The wives' joint ownership interest in the defendants' property is determined by Ohio law. See In re Hutchison's Estate, 166 N.E. 687, 690 (Ohio 1929). In Hutchison, a husband purchased stock with funds from a bank account held jointly with his wife. With respect to the spouses' interests in the stock while both were alive, the court concluded that property purchased for ownership in common, during joint lives, and with a right of survivorship vested an undivided one-half interest in each spouse. Id. at 687-688. Joint and survivorship bank accounts and certificate of deposits are the exception to the rule in Hutchison.
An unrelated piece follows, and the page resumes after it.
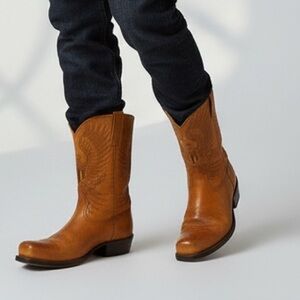 ACME BOOT COMPANY Vintage 70’s Leather Embossed Eagle & Shield Western Boots 10D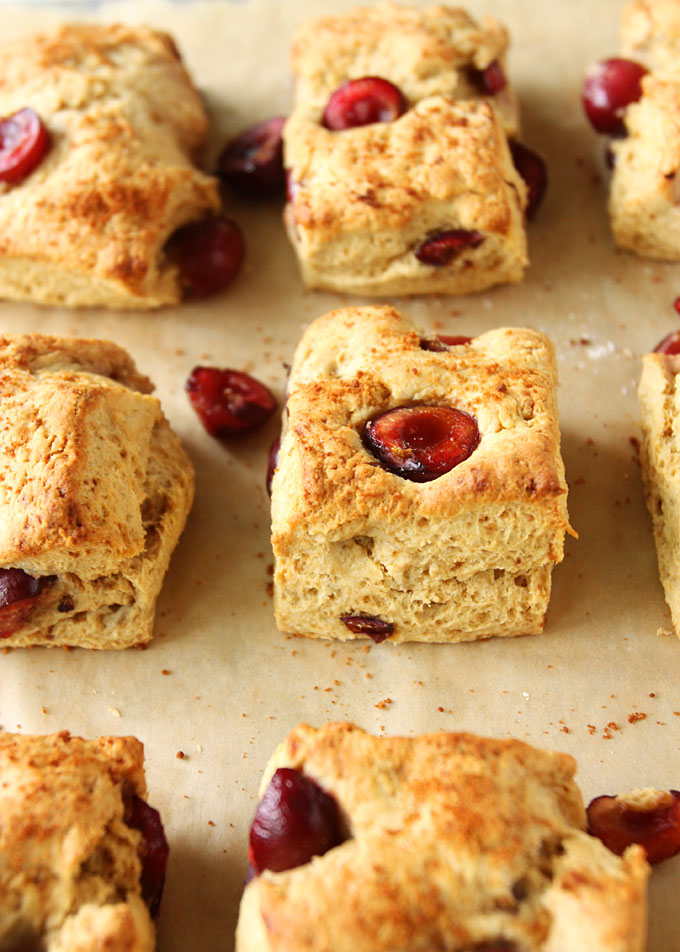 Almond Cherry Scones (with coconut sugar) | thekitchenpaper.com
During the lifetime of the parties, a joint and survivorship account belongs to the parties in proportion to the contributions made by each party, unless there is clear and convincing evidence of a different intent. Thompson v. Botts, 423 N.E.2d 90, 94 (Ohio 1981); see also Kristofik v. Bank One, Akron, 517 N.E.2d 272 (Ohio Ct.App.1986) (quoting Thompson and holding presumption of ownership in proportion to contribution of joint tenants in certificate of deposit with survivorship provision).5
In the present case, the district court clarified the preliminary injunction by expressly allowing the wives "to expend without further restriction their undivided one-half interest in assets held jointly with right of survivorship, provided their interest in such assets was acquired prior to the date of the onset of the defendants' alleged fraud." LOF argues that the law of the case doctrine should have barred the district court from modifying Judge Potter's previous order denying the wives' January 28, 1994, motion to modify the injunction. Under the law of the case doctrine, "a decision on an issue made by a court at one stage of a case should be given effect in successive stages of the same litigation." United States v. Todd, 920 F.2d 399, 403 (6th Cir. 1990) (citation omitted). Even if the doctrine applied here, the district court has the power to revisit prior decisions of its own or of a coordinate court. Id. (citations omitted).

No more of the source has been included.